> What to produce
Without pictures, repeat exactly the lines from the one containing "LINGDU D100 Smart" through the end of the entries.

....................

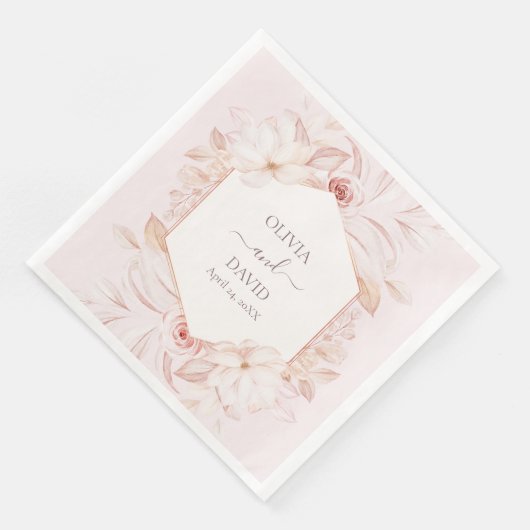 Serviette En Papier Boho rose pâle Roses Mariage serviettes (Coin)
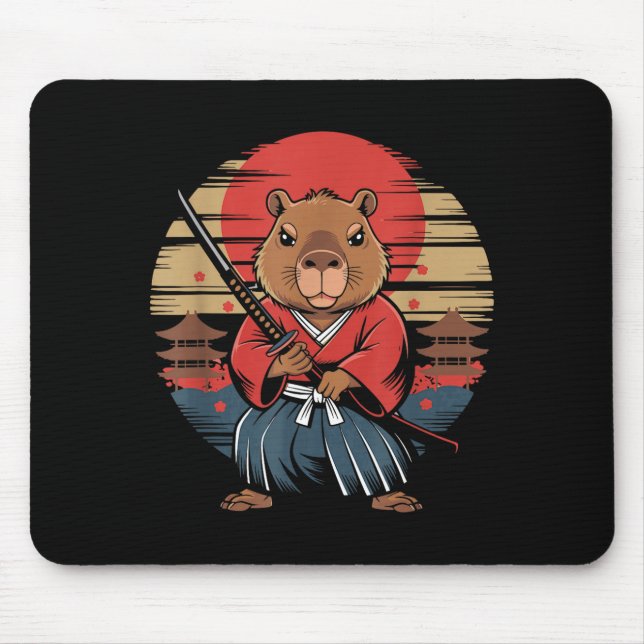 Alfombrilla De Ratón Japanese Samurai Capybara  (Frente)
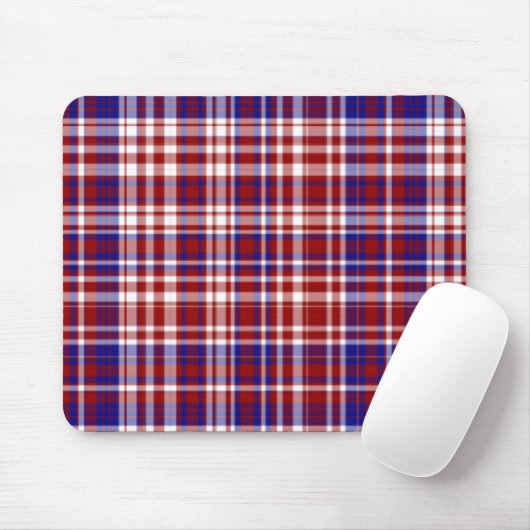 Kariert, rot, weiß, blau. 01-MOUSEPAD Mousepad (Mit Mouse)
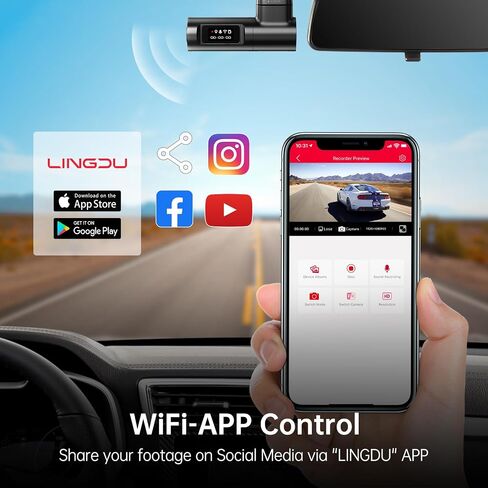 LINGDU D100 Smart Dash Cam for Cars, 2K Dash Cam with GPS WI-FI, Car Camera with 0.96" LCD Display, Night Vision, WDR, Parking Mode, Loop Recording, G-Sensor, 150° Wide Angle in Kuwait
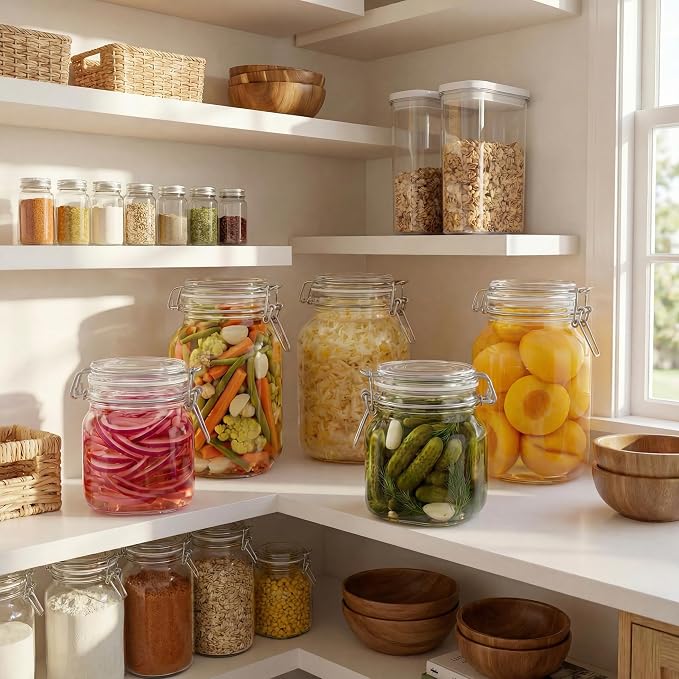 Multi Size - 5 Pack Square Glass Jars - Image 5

....................

> Answer box
 LINGDU D100 Smart Dash Cam for Cars, 2K Dash Cam with GPS WI-FI, Car Camera with 0.96" LCD Display, Night Vision, WDR, Parking Mode, Loop Recording, G-Sensor, 150° Wide Angle in Kuwait
 Multi Size - 5 Pack Square Glass Jars - Image 5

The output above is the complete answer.